Friday, Sept. 15 marks the first day of a month-long celebration of Latino American citizens, their cultures and contributions known as National Hispanic Heritage Month.
On Wednesday, President Donald Trump signed the observation’s annual proclamation, which highlighted Hispanic Americans as a “testament to the American promise that anyone can succeed in the United States through hard work.”
Here are five things to know about Hispanic Heritage Month:
What is National Hispanic Heritage Month?
According to the official website, the month-long celebration of the country’s 57 million Latino-American citizens “pays tribute to the generations of Hispanic Americans who have positively influenced and enriched our nation and society.”

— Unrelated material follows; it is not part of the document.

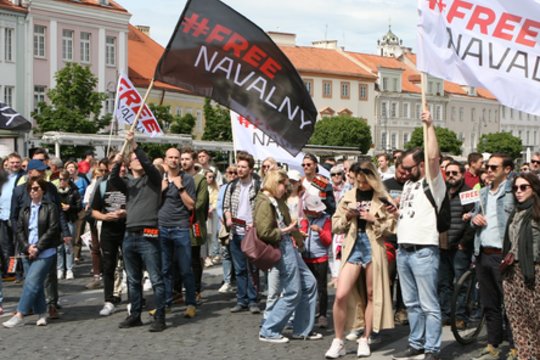 A.Navalną palaikantys protestuotojai Vilniuje.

Which countries or regions are celebrated?
Hispanic American citizens have ancestors from Spain, Mexico, the Caribbean and countries in Central and South America.
When did National Hispanic Heritage Month begin?

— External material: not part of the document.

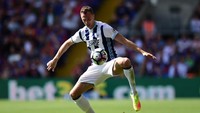Jonny Evans merupakan ban serep bek tengah MU di musim 2012/2013. Dia sekarang bermain untuk West Bromwich Albion. (Foto: Alex Broadway/Getty Images)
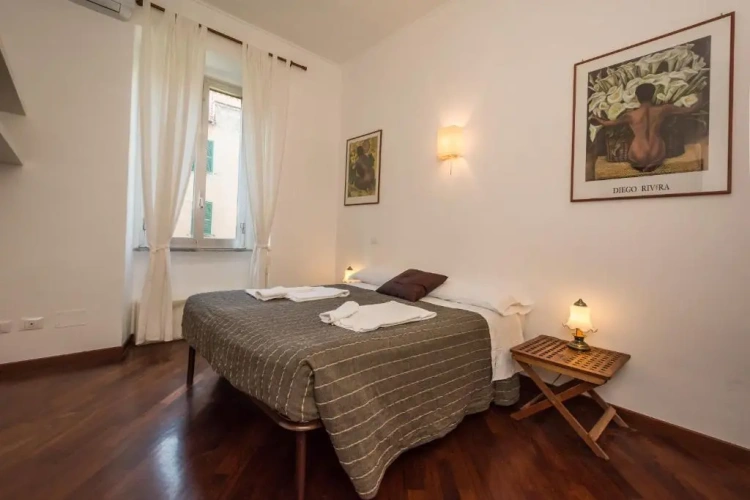 2 Bedrooms Apartment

It all began in 1968 under President Lyndon Johnson. Congress passed Public Law 90-498, which authorized and requested the President to issue an official annual proclamation of Hispanic Heritage Week.

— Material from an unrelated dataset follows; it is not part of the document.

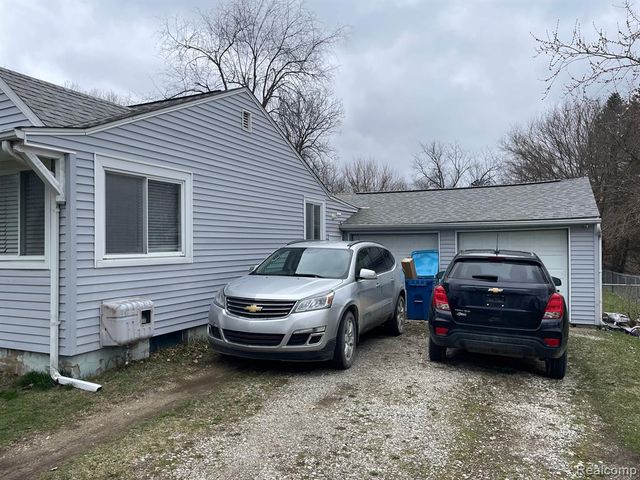 2434 N Long Lake Road, Fenton, MI 48430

Congress later passed Public Law 100-402, which amended the previous law to establish a month-long celebration, on Aug. 17, 1988.
Why Sept. 15?
According to the official website, Sept. 15 is the anniversary of independence for multiple Latin American countries, such as Costa Rica, El Salvador, Guatemala, Honduras and Nicaragua.
Several other days during the month are notable as well, including Mexico’s and Chile’s independence days (Sept. 16 and Sept. 18, respectively) as well as Columbus Day on Oct. 12.
What do people do during National Hispanic Heritage Month?
There are festivals, special museum exhibits, cultural events and more all over the country to commemorate National Hispanic Heritage Month.